By Keren Concepcion G. Valmonte
EUSEBIO H. Tanco declined his nomination as director of the Philippine Stock Exchange, Inc. (PSE) following issues against his brokerage, Venture Securities, Inc. (VSI)
“Recent events which, unfortunately and unjustifiably, have besmirched the reputation of Venture Securities and its officers and employees compel me, out of delicadeza, to decline the nomination for membership in the board of the exchange,” he said in a letter to PSE Chairman Jose T. Pardo.
The PSE, also a listed company, will be electing its board on July 2. Mr. Tanco currently holds a position as director in the PSE, while sitting as chairman in the troubled brokerage.
On Tuesday, a Securities and Exchange Commission (SEC) panel revoked the license and imposed a P32-million penalty fee on Venture Securities and its key officers over a stocks fraud that led to the collapse of another brokerage, R&L Investments, Inc.
R&L Investments trading floor assistant and settlement clerk Marlo Moron stole client shares from 2012 to 2019 and transferred them into a Venture Securities account under Julieto Sulapas. The panel also canceled the license of R&L Investments and slapped a P25-million fine.
Meanwhile, the SEC Markets and Securities Regulation Department decision on Venture Securities only mentioned its president Wilfred Racadio, associated person Adora Aguilar, salesman Loreto Balabis, and settlement head Teresita Mosenabre. Mr. Tanco was not held liable by the SEC.
The decision said Venture Securities “indispensably contributed to, if they had not been the proximate cause of, the losses incurred by the clients of R&L.”
In his letter dated June 16, Mr. Tanco said they intend to contest the decision, adding that the investigation “has unnecessarily dragged” his brokerage and that it is “much a victim as the clients of R&L” by making it appear that Venture Securities was complicit in the stocks fraud.
“Had the Capital Markets Integrity Corp. (CMIC) bothered to look at R&L and its activities, the CMIC would have easily noticed what was happening as they are better equipped to detect this kind of transactions violative of the rules of the exchange,” Mr. Tanco said, explaining that the CMIC has also been auditing his brokerage for years.
CMIC responded and said: “Adopting effective internal/financial controls including compliance therewith and adherence to good corporate governance standards and practices are properly the responsibilities of the owners and management of a company, not its auditor.”
In a separate statement, the SEC affirmed CMIC’s findings against the Tanco-led brokerage: “VSI violated multiple trading rules in facilitating transactions that eventually wiped-out client shares in R&L Investments.”
“CMIC found that the associated person of VSI failed to properly supervise the activities of its employees, which resulted in the multiple violation of securities laws,” the corporate watchdog said.
The CMIC also reported that Venture Securities failed to record several transactions executed by and assigned to Mr. Sulapas. The brokerage also allowed him to trade beyond his declared financial capacity.

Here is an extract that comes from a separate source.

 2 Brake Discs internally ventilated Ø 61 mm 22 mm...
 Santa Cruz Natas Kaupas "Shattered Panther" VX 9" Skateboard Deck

“CMIC’s audit findings of any trading participant (TP), Venture included, should not be construed as relieving any such TP of its accountabilities and its responsibility to answer for its violations of the pertinent securities laws, and for matters which were and are within its power, control or management,” CMIC said.
Mr. Tanco maintains that Venture Securities had every right to be protected by the CMIC and rely on its findings.
“It is truly incomprehensible that CMIC — for all of over seven years — was not able to discover the discrepancies/anomalies in R&L’s clients’ position vis-a-vis the balances in the PCD system, something which a standard auditing procedure called ‘confirmation’ would have easily shown,” Mr. Tanco said.